Task data:
◇ ◇ ◇ ◇

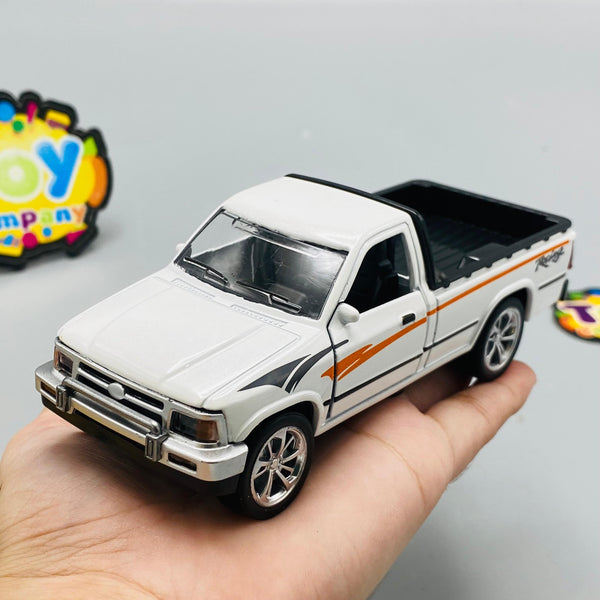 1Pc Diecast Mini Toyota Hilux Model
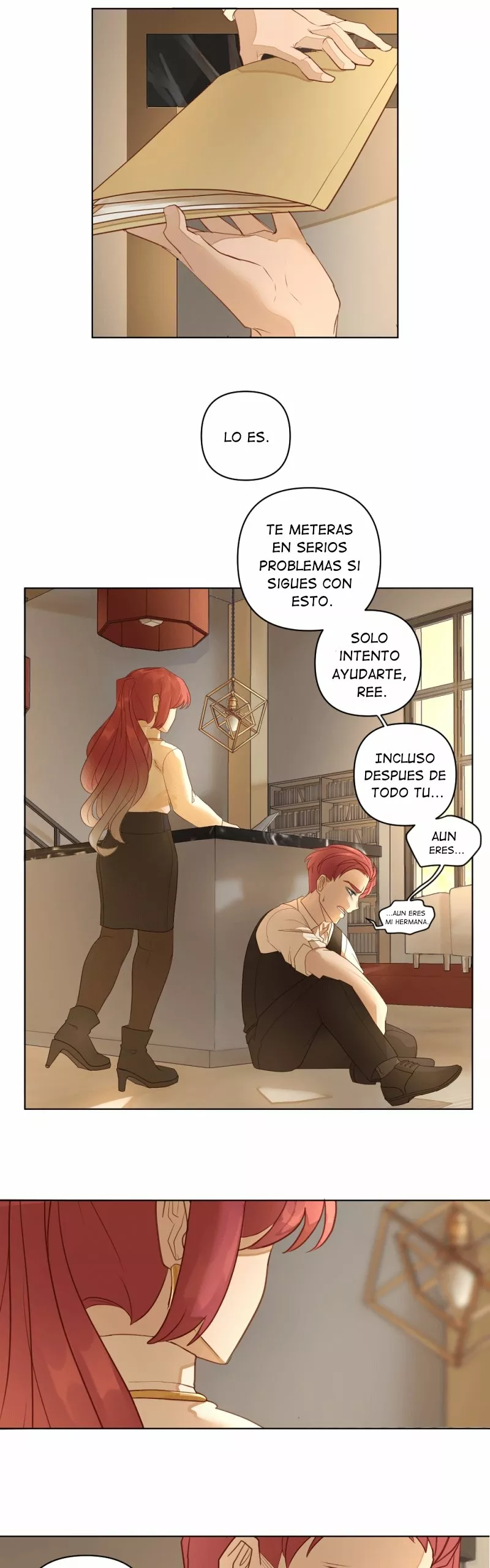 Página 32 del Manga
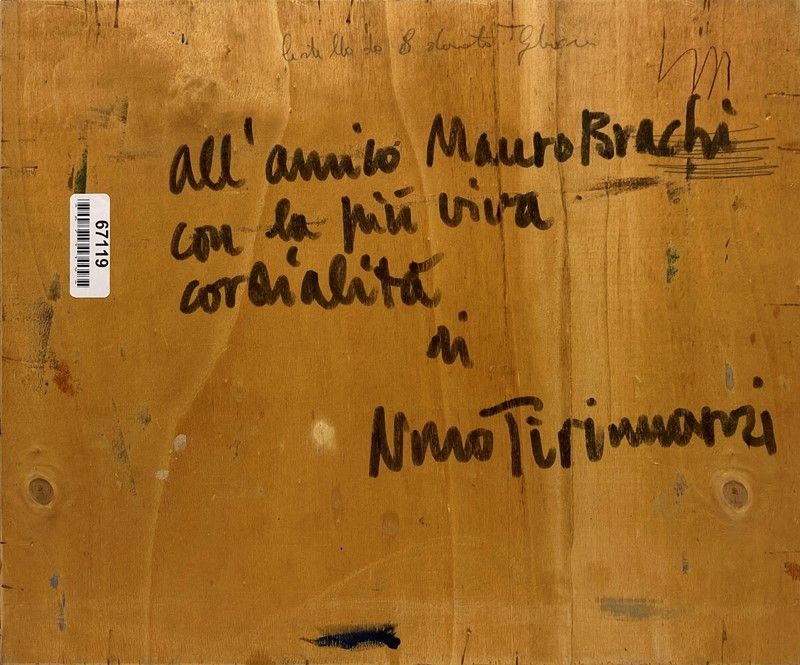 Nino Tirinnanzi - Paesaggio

◇ ◇ ◇ ◇

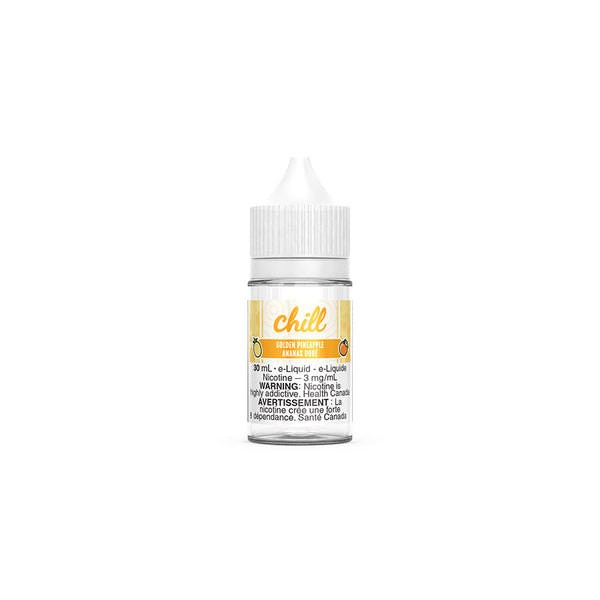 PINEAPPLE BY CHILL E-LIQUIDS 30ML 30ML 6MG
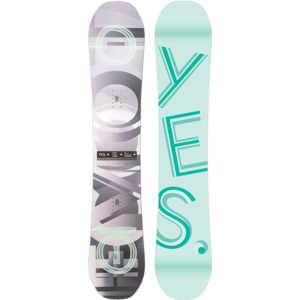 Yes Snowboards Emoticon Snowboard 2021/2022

◇ ◇ ◇ ◇

What needs to be done:
Print nothing but the lines above starting with the line that contains "PINEAPPLE BY CHILL E-LIQUIDS 30ML 30ML 6MG" and going on through the line that contains "Yes Snowboards Emoticon Snowboard 2021/2022". Leave out the pictures.

Exercise output:
 PINEAPPLE BY CHILL E-LIQUIDS 30ML 30ML 6MG
 Yes Snowboards Emoticon Snowboard 2021/2022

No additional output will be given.